The Federal National Mortgage Corp. reported a gain of 17% in earnings per share, to 63 cents, for the third quarter. The number was about in line with Wall Street's expectations.

Nevertheless, securities analysts were pleased by the report. Thomas O'Donnell of Smith Barney & Co., New York, raised his 12-month earnings target for Fannie Mae shares to $38, from $34. Early Friday, the stock was trading at $36.375, up 50 cents.

At Sanford C. Bernstein & Co., New York, analyst Jonathan Gray called the earnings strong and said there were some minor developments that could prove significant. "Credit losses were down from a running rate of $50 million or $55 million to $42 million," he said. "The smaller chargeoffs make the company's current reserve position stronger, and will permit it to make smaller additions to reserves in future years, thereby augmenting earnings-per-share growth."

Mr. Gray said the reason for the decline in chargeoffs was an effective loss-mitigation program that over the last two years has reduced the red ink from foreclosures.

He said he continued to estimate next year's earnings at $2.80 a share but added that the number might be conservative and $2.85 to $2.90 was possible.

Fannie Mae chairman James A. Johnson said the increases for the quarter came in all categories of revenue and were achieved despite a slight drop in mortgage volume.

He also noted that Fannie had completed the issuance of $1 billion of preferred stock with a final installment of $250 million. The shares were issued as part of a capital restructuring. He said the changes give the company "a stronger, more efficient, and diversified capital base."

Fannie's regulator, the Office of Federal Housing Enterprise Oversight, is expected to ask Fannie Mae and Freddie Mac to bolster their capital when it completes development of risk-based capital standards next spring.

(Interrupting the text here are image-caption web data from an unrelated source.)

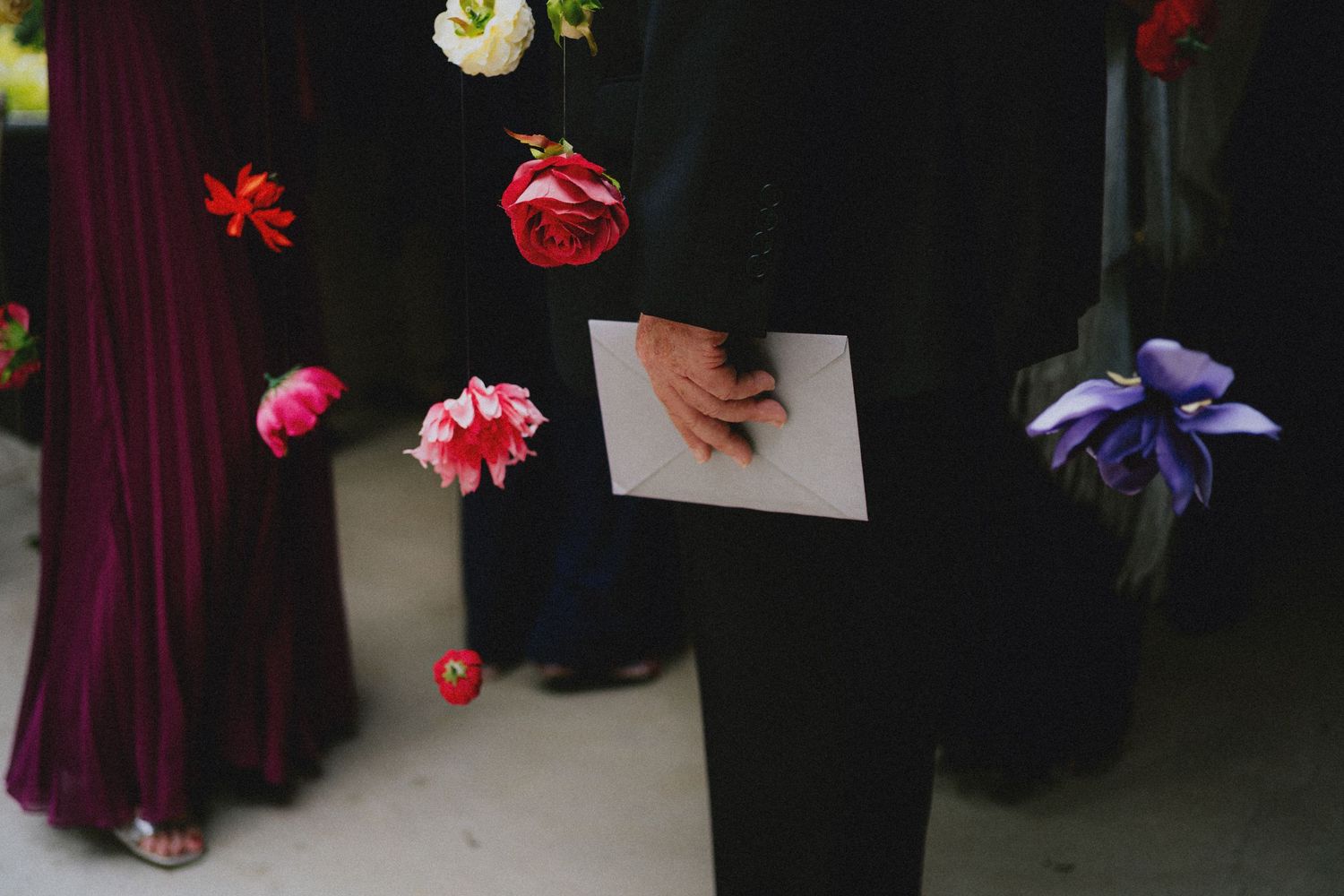 Person in black suit holding a card surrounded by floating colorful roses and flowers at a formal event.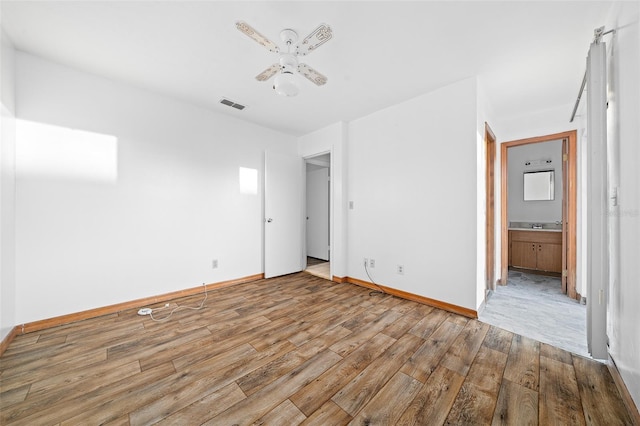 unfurnished bedroom featuring ensuite bathroom, ceiling fan, and light wood-type flooring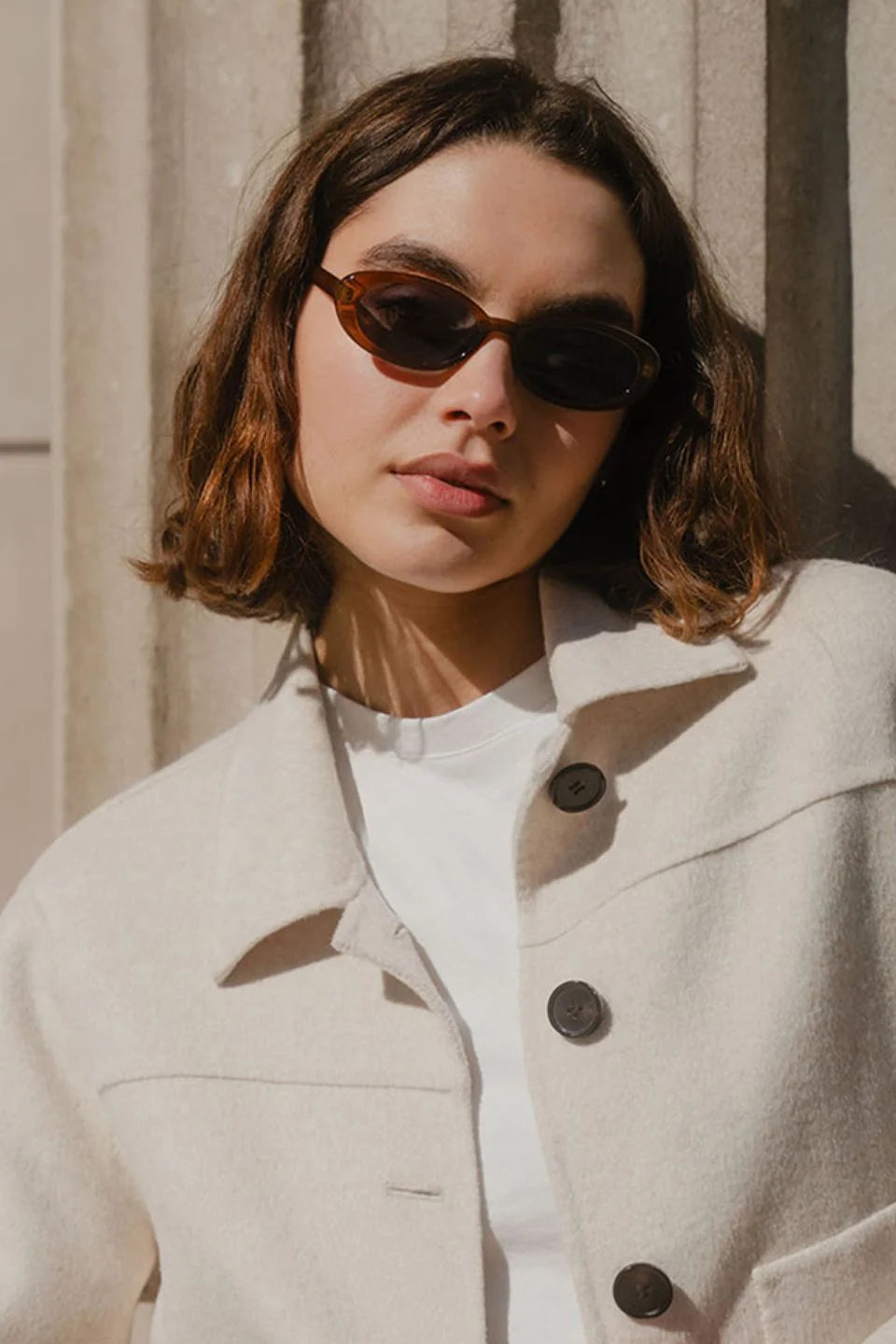 The Sydney Espresso Narrow Oval Sunglasses bring a sleek, retro-inspired touch to your everyday style. Designed in a warm espresso tone, this slim oval frame feels effortlessly cool with its lightweight, glossy finish. The soft brown lenses keep things understated and chic, making this pair an easy match for everything in your wardrobe.

A timeless, wear-anywhere accessory that adds instant polish.

- Recycled Acetate

- UV Protection Category 3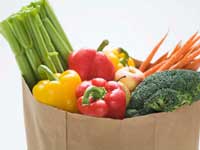 paper bag full with vegetables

Lawrence M. Small, Fannie's president, said the improved earnings per share in the quarter stemmed from these factors:

*The decline in credit losses.

*Higher net interest income.

*Higher income from guarantee fees.

*Smaller losses on the call or repurchase of debt.

*A reduction in shares outstanding as part of the recapitalization.

Mr. Small noted that the $15.7 million reduction in chargeoffs on single-family foreclosures came despite a rise in the number of properties foreclosed because the average loss per property fell.